Comments

  1. badgersdaughter says

    Neither. Your choice of lie is entirely dependent on what you think the person you are obligated to will best identify with. Either way, you have lied and been manipulative; it’s doesn’t really matter that much how unless there are other effects of the lie you have not stated (for example, the individual later euthanizes their cat because it has been in contact with yours, or makes a fool out of themselves asking about your “sick” grandmother at another social gathering).

  2. says

    That is fascinating that you consider this sort of lie as “manipulative”. I definitely see what you’re saying, as you are trying to manipulate the person you owe the social obligation to into thinking less poorly of you than they would if you told the truth: I’d rather sit at home, drink, and jacke offe than attend your cocktail party. But I have always assumed that–like I do–no one really cares or gives credence to the specifics of social obligation avoidance excuses in the first place.

  3. badgersdaughter says

    Well, giving an “acceptable”, but untruthful, excuse means that you wish the other person to behave in certain ways (invite you again, include you in other things, speak well of you to other people, maybe even prefer you for a job promotion or some other perk) that they wouldn’t if you told the “unacceptable” truth (maybe they’d be offended and cut contact with you, speak badly of you to others, feel negatively about you the next time they considered people for a perk, and so forth). It’s all about creating positive and beneficial feelings that could benefit the speaker rather than negative and hurtful feelings that could come back and bite them in, well, a sensitive spot. :)

  4. Trebuchet says

    Only if the sick cat (or grandmother) refused to use an ass gasket and instead left drops of pee all over the seat.

  5. Trebuchet says

    Is it any less (or more) morally objectionable to lie about your sick cat to get out of a social obligation than it is to lie about your sick grandmother?

    Attempt at a serious answer:
    Somehow I’d feel that the grandmother lie is worse. I’m not sure why, I suppose it’s that you’re making something up about another person, and attempting to generate a higher degree of sympathy in the “victim” than with the cat. (That of course depends on the person, some animal lovers would be more concerned about the cat.)

    I’m not sure why CPP is surprised that this would be seen as “manuipulative”. That’s how I’d see it as well. You’re trying to deceive someone to achieve your ends.

    I would probably exagerate my own, or my wife’s, health problems rather than blame it on another person or animal. Is that better? Worse? I dunno.

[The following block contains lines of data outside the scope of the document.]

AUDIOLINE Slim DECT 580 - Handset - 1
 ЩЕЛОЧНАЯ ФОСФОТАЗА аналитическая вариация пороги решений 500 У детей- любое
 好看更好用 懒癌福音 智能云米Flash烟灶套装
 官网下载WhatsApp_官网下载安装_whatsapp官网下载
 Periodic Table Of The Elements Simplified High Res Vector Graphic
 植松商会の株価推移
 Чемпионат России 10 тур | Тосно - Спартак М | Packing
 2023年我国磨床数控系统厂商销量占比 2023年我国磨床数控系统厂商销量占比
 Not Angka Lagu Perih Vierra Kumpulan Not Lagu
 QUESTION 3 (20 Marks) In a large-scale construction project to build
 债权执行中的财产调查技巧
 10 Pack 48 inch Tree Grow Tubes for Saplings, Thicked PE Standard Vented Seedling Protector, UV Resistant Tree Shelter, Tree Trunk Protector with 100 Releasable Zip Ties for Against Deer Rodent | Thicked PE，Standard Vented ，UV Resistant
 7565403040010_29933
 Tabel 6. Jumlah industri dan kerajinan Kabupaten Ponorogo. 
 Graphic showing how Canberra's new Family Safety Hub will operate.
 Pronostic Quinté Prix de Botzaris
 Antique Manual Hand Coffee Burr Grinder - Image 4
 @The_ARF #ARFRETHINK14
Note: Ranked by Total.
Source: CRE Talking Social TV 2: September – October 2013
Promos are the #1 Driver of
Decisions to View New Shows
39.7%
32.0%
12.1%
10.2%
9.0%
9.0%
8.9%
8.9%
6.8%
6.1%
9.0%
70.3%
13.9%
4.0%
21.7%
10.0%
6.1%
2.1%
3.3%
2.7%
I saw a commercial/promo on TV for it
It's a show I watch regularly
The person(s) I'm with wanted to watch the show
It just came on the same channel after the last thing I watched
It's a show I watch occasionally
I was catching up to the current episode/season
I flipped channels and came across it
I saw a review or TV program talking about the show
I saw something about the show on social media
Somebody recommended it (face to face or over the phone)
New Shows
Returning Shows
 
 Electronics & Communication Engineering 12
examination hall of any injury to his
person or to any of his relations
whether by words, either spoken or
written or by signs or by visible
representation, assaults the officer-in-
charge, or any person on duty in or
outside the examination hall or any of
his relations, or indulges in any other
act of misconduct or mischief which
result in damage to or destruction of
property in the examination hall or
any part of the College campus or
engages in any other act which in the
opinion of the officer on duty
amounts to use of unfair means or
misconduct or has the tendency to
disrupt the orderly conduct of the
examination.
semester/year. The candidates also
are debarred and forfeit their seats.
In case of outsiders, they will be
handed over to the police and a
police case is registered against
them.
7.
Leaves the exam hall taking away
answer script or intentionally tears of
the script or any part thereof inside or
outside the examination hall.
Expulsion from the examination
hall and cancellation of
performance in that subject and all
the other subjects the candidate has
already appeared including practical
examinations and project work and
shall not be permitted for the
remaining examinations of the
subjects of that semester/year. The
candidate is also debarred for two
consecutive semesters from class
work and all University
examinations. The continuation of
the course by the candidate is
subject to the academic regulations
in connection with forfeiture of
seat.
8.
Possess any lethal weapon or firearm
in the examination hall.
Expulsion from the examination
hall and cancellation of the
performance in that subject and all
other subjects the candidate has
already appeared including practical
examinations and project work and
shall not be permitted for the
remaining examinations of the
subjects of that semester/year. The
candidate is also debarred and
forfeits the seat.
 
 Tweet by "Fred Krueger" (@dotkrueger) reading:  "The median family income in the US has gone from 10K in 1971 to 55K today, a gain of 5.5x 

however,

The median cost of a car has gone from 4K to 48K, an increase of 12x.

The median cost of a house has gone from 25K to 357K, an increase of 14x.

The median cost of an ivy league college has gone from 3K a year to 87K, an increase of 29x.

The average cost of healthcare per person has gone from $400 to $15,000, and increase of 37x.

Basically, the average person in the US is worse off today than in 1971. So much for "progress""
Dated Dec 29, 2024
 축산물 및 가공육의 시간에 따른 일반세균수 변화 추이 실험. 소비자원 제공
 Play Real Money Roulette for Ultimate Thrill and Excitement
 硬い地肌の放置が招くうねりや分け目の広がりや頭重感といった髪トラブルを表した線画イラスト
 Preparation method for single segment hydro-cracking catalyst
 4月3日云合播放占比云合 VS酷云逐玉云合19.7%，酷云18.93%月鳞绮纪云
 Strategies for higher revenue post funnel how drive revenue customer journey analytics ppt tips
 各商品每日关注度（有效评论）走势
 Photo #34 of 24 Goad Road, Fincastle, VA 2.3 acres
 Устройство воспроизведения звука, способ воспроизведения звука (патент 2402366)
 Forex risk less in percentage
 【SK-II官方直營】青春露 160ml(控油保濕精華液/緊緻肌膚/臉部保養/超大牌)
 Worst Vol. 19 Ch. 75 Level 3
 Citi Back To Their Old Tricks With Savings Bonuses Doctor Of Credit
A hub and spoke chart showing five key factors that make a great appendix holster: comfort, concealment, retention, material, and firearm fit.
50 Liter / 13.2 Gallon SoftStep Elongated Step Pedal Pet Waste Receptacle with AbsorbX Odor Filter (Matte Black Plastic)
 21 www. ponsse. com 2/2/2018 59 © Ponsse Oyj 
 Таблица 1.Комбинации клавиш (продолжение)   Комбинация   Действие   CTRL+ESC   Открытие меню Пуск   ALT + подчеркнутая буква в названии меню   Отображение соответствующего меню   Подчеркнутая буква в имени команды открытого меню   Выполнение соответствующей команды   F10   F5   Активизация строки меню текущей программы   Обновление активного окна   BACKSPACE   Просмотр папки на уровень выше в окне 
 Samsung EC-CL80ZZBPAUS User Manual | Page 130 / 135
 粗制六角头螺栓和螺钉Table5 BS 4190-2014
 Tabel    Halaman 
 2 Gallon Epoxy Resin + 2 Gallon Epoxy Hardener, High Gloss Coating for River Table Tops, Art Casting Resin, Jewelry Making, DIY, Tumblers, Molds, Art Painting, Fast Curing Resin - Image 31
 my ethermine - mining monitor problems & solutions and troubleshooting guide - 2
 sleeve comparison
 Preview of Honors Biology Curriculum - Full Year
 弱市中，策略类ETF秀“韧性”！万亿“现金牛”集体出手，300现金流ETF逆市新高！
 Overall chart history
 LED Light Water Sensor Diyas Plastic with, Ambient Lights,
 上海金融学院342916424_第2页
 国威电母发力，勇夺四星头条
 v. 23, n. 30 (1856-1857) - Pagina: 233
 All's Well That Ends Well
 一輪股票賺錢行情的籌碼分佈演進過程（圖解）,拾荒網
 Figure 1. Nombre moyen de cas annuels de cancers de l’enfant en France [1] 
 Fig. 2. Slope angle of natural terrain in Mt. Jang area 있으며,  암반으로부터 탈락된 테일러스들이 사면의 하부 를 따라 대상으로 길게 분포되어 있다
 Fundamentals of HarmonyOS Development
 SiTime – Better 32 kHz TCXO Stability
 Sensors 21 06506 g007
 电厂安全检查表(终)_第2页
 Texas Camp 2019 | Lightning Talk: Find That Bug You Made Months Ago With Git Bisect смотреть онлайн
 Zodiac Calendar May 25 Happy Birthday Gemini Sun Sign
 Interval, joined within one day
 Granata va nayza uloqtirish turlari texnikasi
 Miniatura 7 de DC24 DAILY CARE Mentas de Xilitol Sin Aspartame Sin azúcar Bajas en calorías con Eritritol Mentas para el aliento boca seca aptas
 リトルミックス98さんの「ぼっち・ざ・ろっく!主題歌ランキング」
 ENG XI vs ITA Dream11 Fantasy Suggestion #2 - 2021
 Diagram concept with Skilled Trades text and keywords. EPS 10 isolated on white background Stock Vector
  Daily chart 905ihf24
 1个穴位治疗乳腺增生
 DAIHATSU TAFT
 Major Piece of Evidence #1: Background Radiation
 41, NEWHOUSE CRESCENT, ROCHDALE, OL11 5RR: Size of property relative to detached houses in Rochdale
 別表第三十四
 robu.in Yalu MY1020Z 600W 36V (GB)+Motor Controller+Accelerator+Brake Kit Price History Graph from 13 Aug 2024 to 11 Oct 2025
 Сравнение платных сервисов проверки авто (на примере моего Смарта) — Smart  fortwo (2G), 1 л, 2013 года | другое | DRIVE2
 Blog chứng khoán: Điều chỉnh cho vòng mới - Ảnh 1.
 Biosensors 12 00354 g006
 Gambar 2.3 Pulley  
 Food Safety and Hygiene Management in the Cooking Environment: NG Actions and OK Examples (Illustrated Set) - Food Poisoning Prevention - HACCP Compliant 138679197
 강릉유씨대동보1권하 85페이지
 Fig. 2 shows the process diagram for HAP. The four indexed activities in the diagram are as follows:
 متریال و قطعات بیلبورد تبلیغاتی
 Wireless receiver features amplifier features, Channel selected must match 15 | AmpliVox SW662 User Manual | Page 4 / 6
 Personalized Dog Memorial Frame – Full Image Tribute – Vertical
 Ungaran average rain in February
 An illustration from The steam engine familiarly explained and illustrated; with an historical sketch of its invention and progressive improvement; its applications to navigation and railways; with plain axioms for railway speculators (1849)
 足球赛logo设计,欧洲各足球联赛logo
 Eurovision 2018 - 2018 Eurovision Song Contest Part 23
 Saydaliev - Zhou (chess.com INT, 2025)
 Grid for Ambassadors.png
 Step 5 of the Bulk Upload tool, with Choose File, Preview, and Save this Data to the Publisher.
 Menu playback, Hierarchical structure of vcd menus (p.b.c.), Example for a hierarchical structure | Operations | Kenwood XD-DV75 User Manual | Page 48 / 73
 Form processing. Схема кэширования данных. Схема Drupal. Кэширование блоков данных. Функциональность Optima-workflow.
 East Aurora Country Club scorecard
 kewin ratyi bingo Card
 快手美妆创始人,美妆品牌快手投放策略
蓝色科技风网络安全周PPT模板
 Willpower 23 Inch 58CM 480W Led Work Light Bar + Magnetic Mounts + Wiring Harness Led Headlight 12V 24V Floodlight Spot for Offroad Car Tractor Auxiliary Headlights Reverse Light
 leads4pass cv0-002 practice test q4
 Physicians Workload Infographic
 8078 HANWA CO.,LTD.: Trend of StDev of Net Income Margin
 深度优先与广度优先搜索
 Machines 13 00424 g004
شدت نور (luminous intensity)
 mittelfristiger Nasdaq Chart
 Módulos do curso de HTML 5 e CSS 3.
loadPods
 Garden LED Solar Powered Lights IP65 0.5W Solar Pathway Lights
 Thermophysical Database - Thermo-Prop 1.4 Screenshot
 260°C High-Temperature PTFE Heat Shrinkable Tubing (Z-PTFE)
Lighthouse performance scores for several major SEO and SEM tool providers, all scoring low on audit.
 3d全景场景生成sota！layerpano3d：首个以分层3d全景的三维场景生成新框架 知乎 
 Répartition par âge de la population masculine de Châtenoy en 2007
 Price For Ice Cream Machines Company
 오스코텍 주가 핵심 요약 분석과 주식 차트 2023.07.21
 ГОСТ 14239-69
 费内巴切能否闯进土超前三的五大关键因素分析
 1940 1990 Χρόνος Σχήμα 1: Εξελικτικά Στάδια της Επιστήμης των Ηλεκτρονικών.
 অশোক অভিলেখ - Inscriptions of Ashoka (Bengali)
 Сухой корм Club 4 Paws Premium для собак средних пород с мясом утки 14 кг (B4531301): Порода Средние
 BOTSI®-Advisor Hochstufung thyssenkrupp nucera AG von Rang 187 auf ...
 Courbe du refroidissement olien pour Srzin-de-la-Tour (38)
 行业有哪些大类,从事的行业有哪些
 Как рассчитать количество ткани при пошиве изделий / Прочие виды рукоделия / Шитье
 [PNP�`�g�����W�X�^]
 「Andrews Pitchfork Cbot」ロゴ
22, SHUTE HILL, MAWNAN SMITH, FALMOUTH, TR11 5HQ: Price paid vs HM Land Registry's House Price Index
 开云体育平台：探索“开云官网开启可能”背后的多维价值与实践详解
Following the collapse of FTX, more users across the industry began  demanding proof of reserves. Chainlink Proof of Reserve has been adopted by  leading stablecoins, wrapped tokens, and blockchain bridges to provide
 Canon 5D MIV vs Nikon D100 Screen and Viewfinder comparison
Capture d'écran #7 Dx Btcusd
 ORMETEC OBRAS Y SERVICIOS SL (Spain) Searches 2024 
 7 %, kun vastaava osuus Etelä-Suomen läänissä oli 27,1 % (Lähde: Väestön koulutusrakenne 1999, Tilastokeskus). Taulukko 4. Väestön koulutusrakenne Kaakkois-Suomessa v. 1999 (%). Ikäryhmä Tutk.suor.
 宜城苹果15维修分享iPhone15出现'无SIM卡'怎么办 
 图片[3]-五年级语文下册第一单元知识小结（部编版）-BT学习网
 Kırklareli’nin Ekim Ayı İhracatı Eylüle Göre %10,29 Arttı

  6. Raucous Indignation says

    I’m sorry. I’m too distracted by the sweet potato that looks like a vagina in the side bar advertisement to give this any serious thought.

  7. lost academic says

    Wow, these were not the responses I expected – and I mostly came here because my cat was just diagnosed with a brain tumor, causing his 2+ month long infection and abscesses. It might be technically true to call it manipulative, but I think that’s a loaded word. I think when we generally tell lies as excuses we are looking to avoid hurting someone in such a social situation. What’s more is that these excuses generally seem pretty transparent and serve as a shield between revealing complex or potentially poorly understood feelings towards the requirement. I tend to see such excuses and what are often termed white lies as being protective of others, not primarily self serving.

  8. Raucous Indignation says

    Try using that as your next lame fuckin’ ass, curmudgeonly excuse next time.

  9. =8)-DX says

    I had no idea this was morally objectionable.
    1) Either you can reject the social obligation (“I’m not coming” should be valid in any case).
    2) Or you’re being pressured or coerced into the social obligation, in which case making up an excuse to reject it is morally unobjectionable.
    3) Or you have a moral commitment which means that the social obligation is also a moral obligation, in which case it is irrelevant what excuse you make up, either is just as morally objectionable, because you are breaking the commitment.

    If I try hard I can just about imagine some moral relevance concerning the cat and grandma – grandma might later hear that you are using her as a scapegoat, and the cat doesn’t give a damn. On the other hand, *not* actually caring for your cat is very bad – a cat (unlike a grandma) can’t feed itself.

  10. Alverant says

    Depends on if you have a cat and if your grandmother’s alive and how you feel about the person who wants you to come to the social engagement. If you have a cat and your grandmother passed away years ago, then it’s better to tell the more believable white lie. It’s more objectionable to tell a white lie that is obviously a white lie.